Then came the draw. England vs Russia in Marseille. About as bad as it gets. It was miles away from what we were after — an experience like Brazil, where fans mixed and sang in the sunshine. Suddenly our group of a dozen, with eight who had paid for flights, became fewer and fewer. In the end only three of us went over, most prepared to write off the money they had spent to avoid the inevitable trouble.

I wanted to go, though. I’d never been to an England game, not least in another country, so it was another experience to tick off. Surely their fans couldn’t be as bad as people made out? When my uncle discovered he was ill, he drove to the World Cup in 2006 and paid, what he described as, “an obscene amount of money” for a ticket to watch England there. He spoke of a real mix of people. Of late night football games against German lads in camp sites. Stories you don’t hear about.

I thought trouble could be avoided and was determined to enjoy myself, and not let fear win. I was wrong though. That was the genuinely scary thing about Marseille. That trouble couldn’t be avoided. That danger was always round the corner, from different groups of people. That you felt there was nowhere to relax, because the most peaceful situation could turn any minute.

We arrived on the Friday to news there had been clashes, between England fans and Marseille fans, the night before. It seemed contained to one pub called ‘The Queen Victoria” though, and we were fairly confident we wouldn’t be going there. Still under the illusion that any trouble would be contained, we freshened up and headed to the Port.

This was part of what made Marseille the perfect storm. You are advised by everyone, from official sources to taxi drivers, to stay in the Vieux Port area. That you won’t be safe in Marseille anywhere else. Which is fine, but it means everyone is contained in one place, and that anyone who wants to find large groups of England fans can do it easily.

It was hard to imagine a nicer day, until it wasn’t. We had lunch outside one nice restaurant and then moved down to a bar further along. Apart from the €7 price of a pint everything was lovely. There were England fans in the bar but they were far from the stereotype. Ben Johnson wrote last week about “fat pasty skinned dopes who wear cropped trousers and jarg trainees“, but they are not so much the minority, as completely extinct.

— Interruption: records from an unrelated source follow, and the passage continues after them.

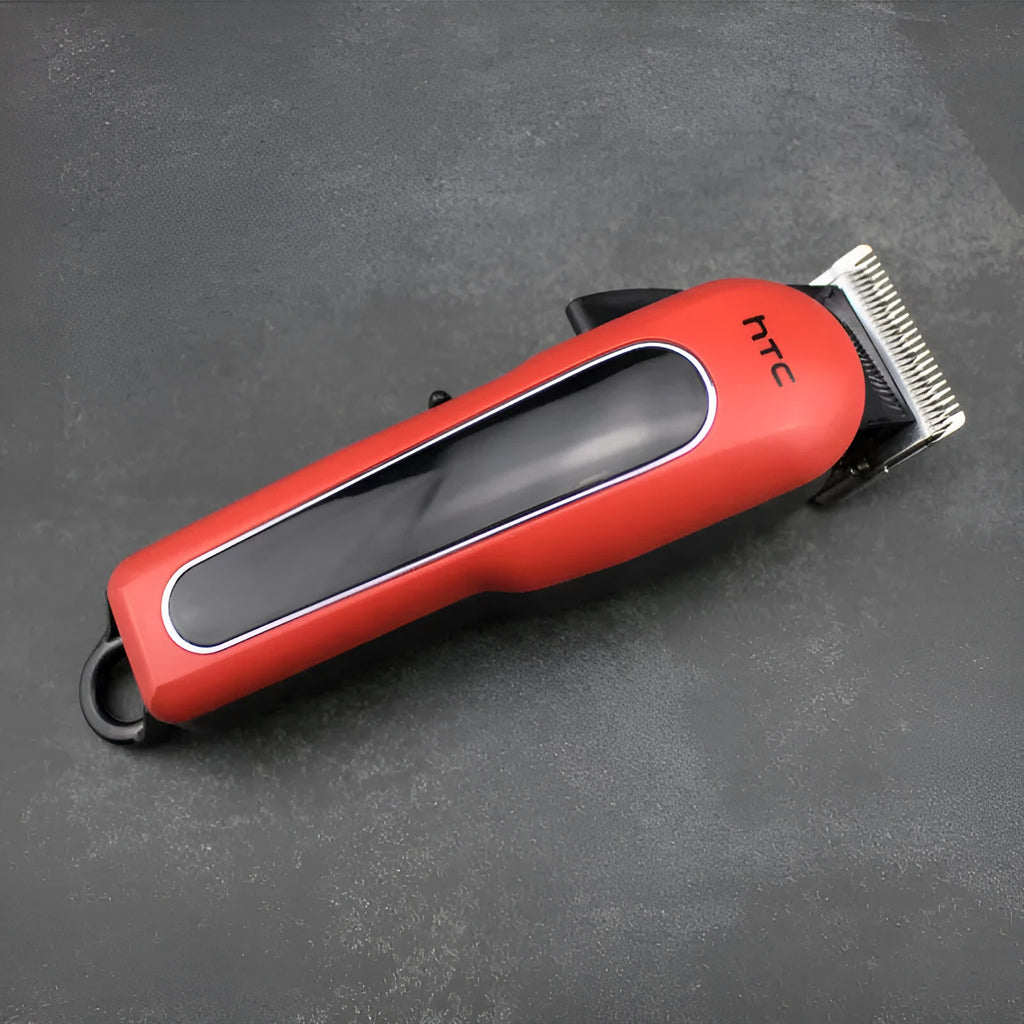 Professional digital electric hair clipper with four limiting combs, available in black, red, and white colours.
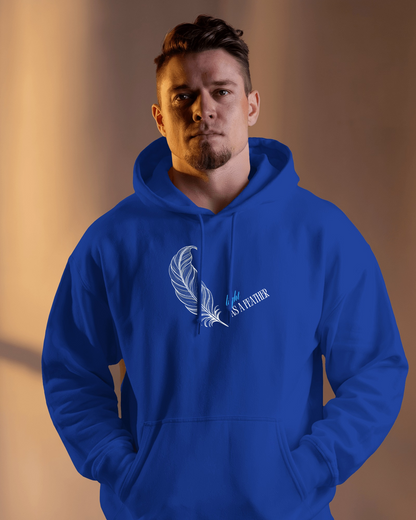 Inspirational Feather Men Heavy Blend  Hoodie- Exclusive Minimal Design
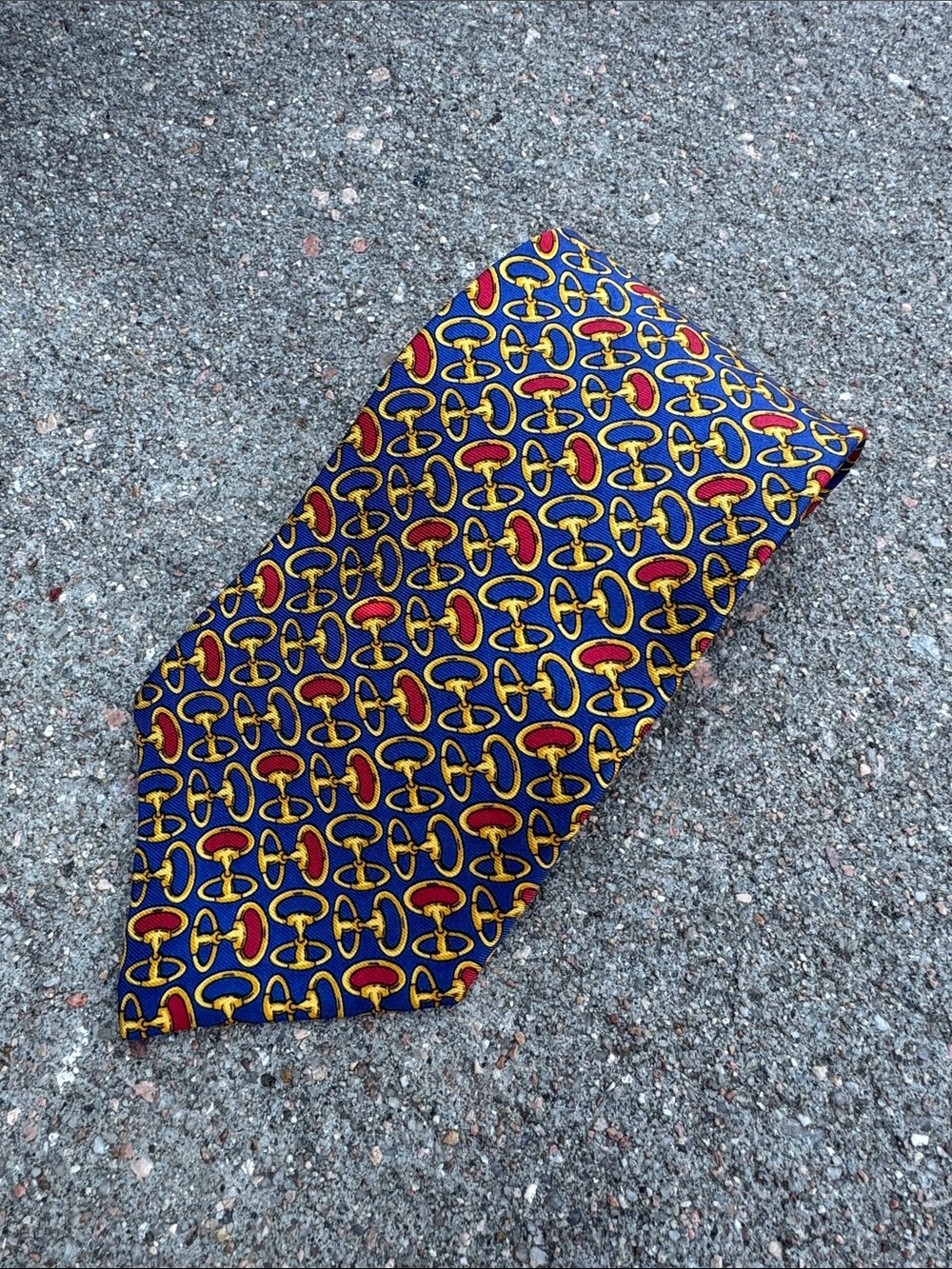 Vintage Dior Men's Silk Tie in Navy, Gold & Red Horsebit Equestrian Motif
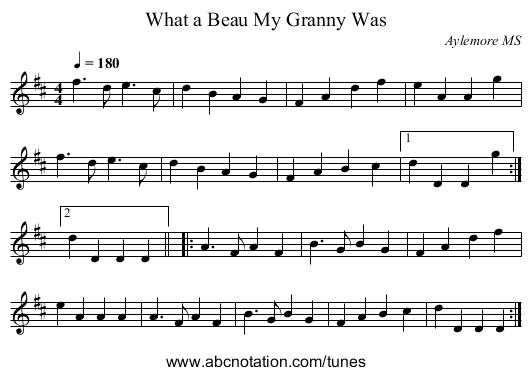 What a Beau My Granny Was - staff notation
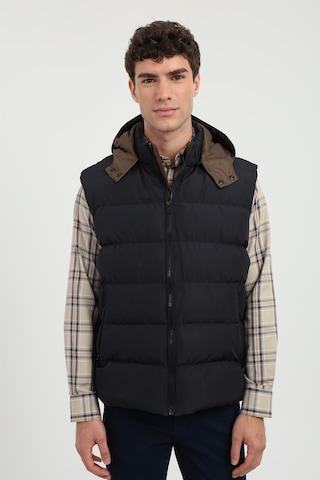 Dufy Erkek Slim Fit Kapüşonlu Lacivert Yelek Mont-18150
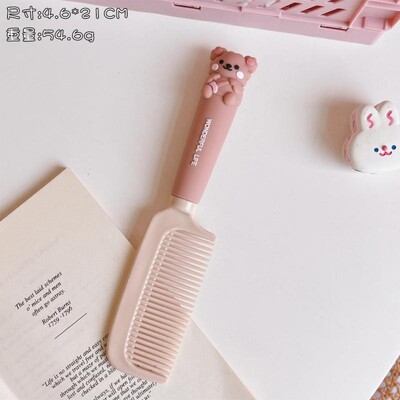 Mielos animacinių filmų kūdikių plaukų šepetys, pieno arbatos spalvos šukos Kawaii Bear Bunny minkštos rankenėlės dervos šukos, skirtos mažos mergaitės plaukų aksesuarams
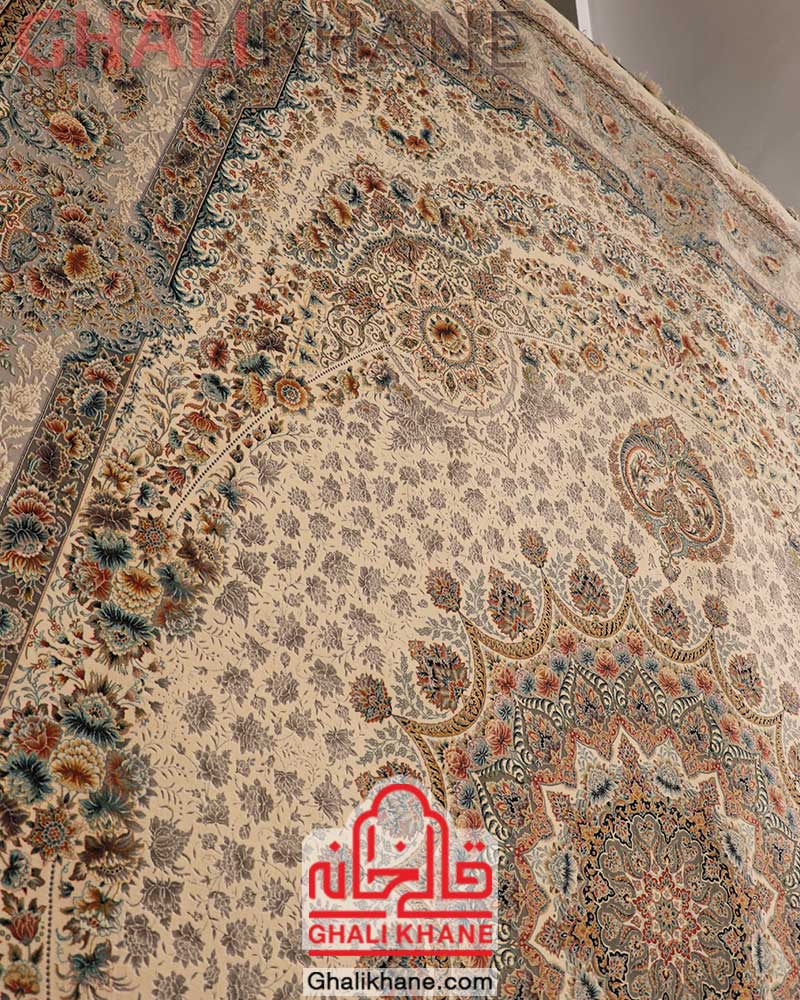 فرش کویر یزد 1500 شانه کد E501-1003 کرم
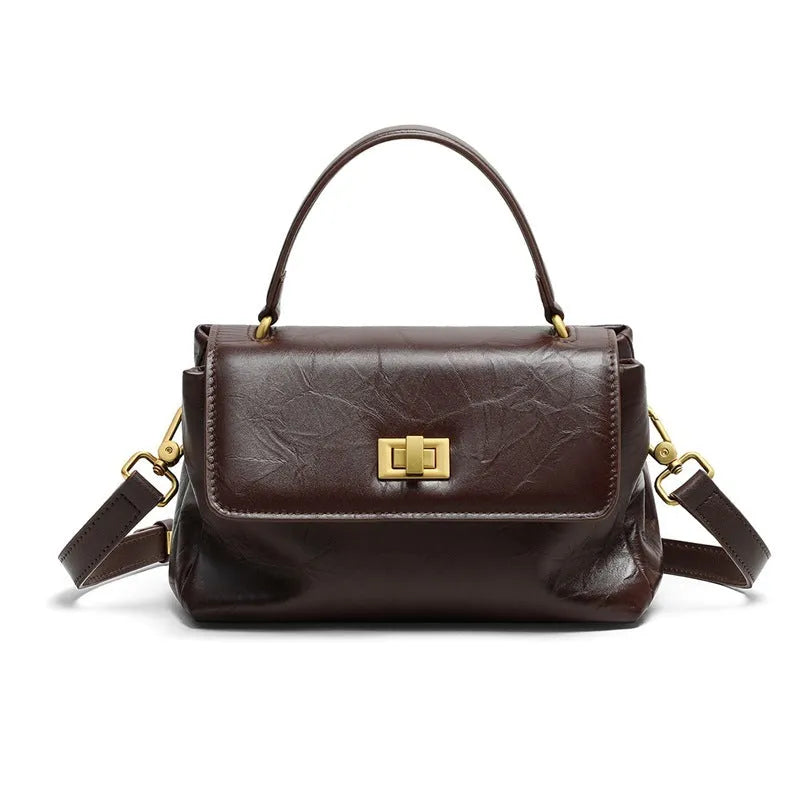 Women's crossbody bag in first layer cowhide leather, horizontal square shape, Black or Caramel Mocha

Some older England fans are obviously still about, and the beer bellies haven’t all gone. Certainly not in our group. But most of them looked like Harry Kane. It’s well groomed lads in chino shorts and boat shoes. It’s trainee lawyers on summer holidays, having a year off from Marbella. At times I felt like I’d wandered into a filming of The Only Way is Essex. Not exactly my sort of people, but nothing you’d be looking to set water cannons off at either. Their songs were about Jamie Vardy and Dele Alli. They looked like they couldn’t care less about Brexit.

As the afternoon turned into evening, some trouble kicked off up by The Queen Victoria again. Riot police, concerned with the larger groups drinking outside, came to monitor and, by all accounts, some knobhead threw a bottle. Instead of arresting said knobhead they set off tear gas, stormed in, and shut the pub, and the pub next door. Then they arrested the knobhead, along with anyone else who objected.

There are huge problems with such heavy handed policing. The first thing it does is punish innocent people enjoying themselves and then, as a by-product, creates ill feeling towards the police, when it would be much more beneficial in the long run to create the opposite. It also just shoves a load of people elsewhere. Drinkers aren’t going to react to a pub closing by going home. They just go somewhere else, which condenses people even further.

Our nice quiet bar got a lot of the overflow. At first it was older fellas, visibly upset about what had just happened. I asked one about it and he said “I don’t understand, we just want to have a good time.” It didn’t feel like the police believed him. Then more fans came down, carrying their own bottles, and the atmosphere changed. They were physically in the bar, but their eyes were everywhere else. Suddenly the Russians, hearing about the trouble, arrived and many disappeared. People started running but it was hard to work out who and at what. Bodies were quickly followed by riot police, who were flanked at all times by camera crews thirsty to capture any violence.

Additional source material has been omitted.